[Recorded data]
Segment Open

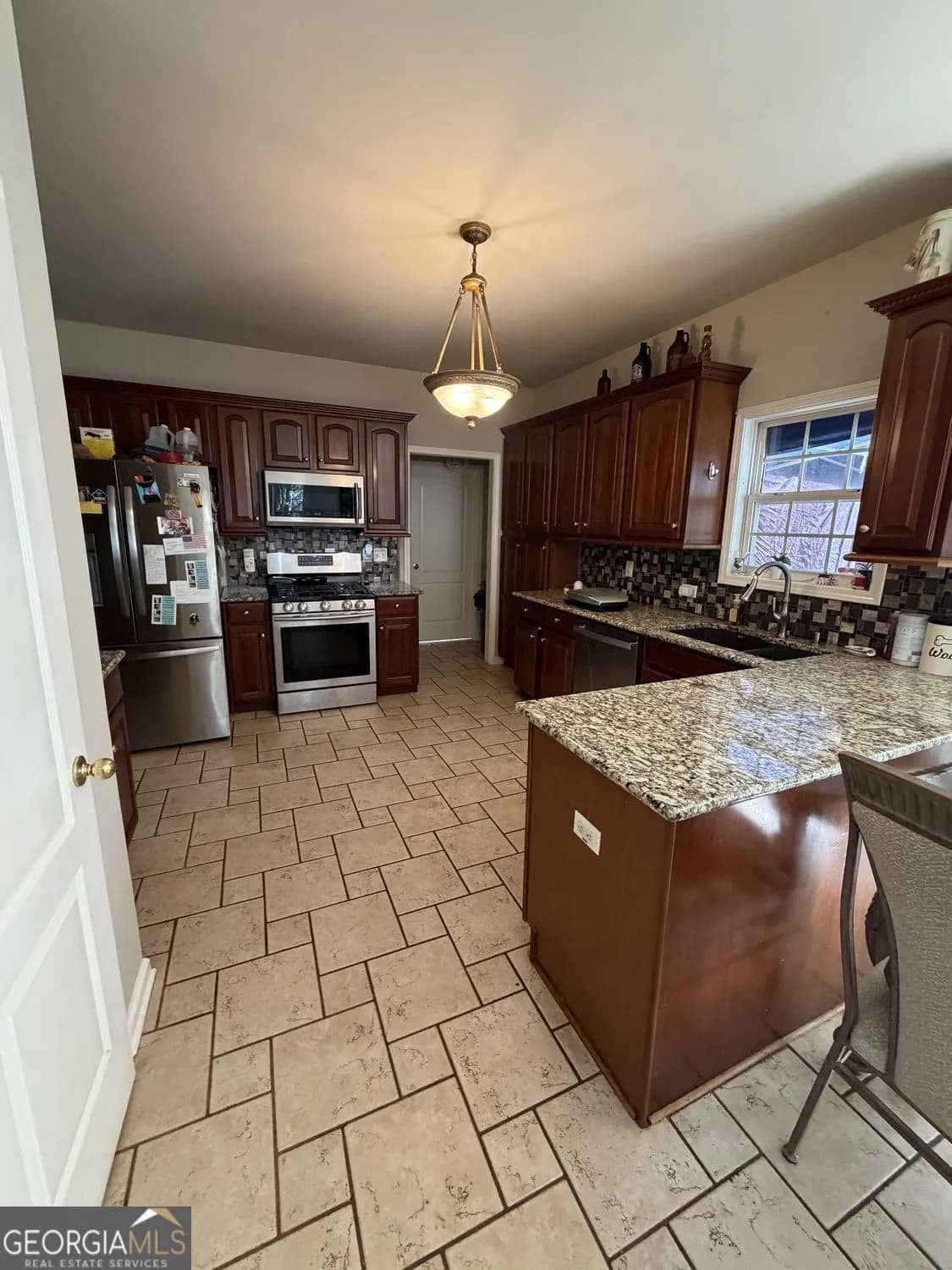 110 Edgewood Dr — photo 5 of 34
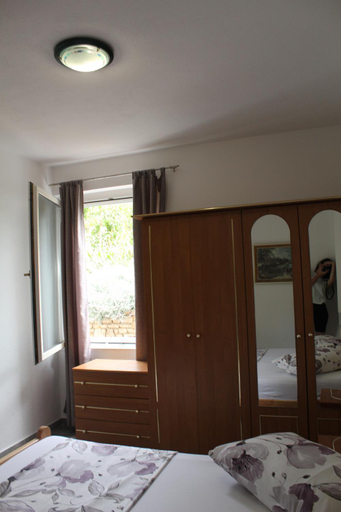 4, Apartments Solta, Šolta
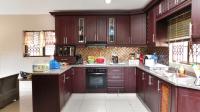 Kitchen - 12 square meters of property in Genazano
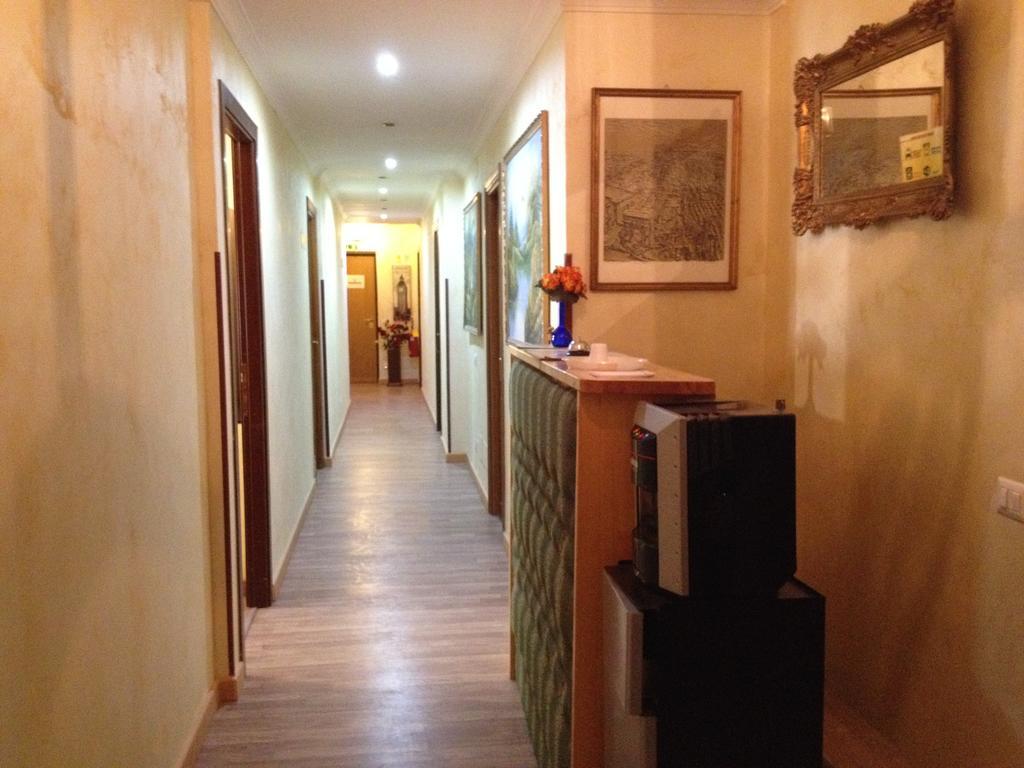 Tiburtina Guesthouse Roma Exterior foto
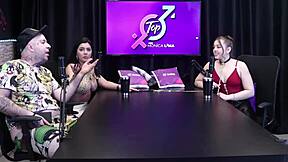 Safada Faz Um Boquete Deixando O Pau Molhadinho - Evelyn Zain Sheer Red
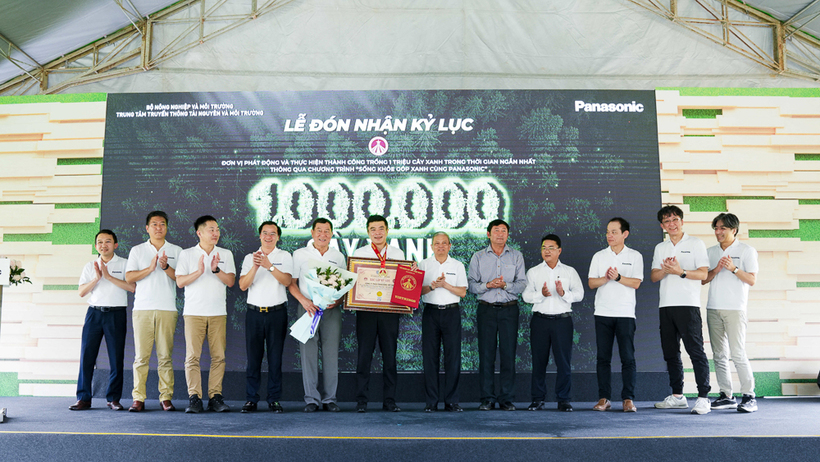 Đại diện Panasonic nhận chứng nhận kỷ lục “1 triệu cây xanh được trồng tại Việt Nam trong thời gian ngắn nhất” từ Tổ chức Kỷ lục Việt Nam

Segment Closed

# TASK STATEMENT
The line containing "Safada Faz Um" and all lines after it, through the last line of the records, should be returned exactly. Omit the pictures.

# OUTPUT OF THE EXERCISE
 Safada Faz Um Boquete Deixando O Pau Molhadinho - Evelyn Zain Sheer Red
 Đại diện Panasonic nhận chứng nhận kỷ lục “1 triệu cây xanh được trồng tại Việt Nam trong thời gian ngắn nhất” từ Tổ chức Kỷ lục Việt Nam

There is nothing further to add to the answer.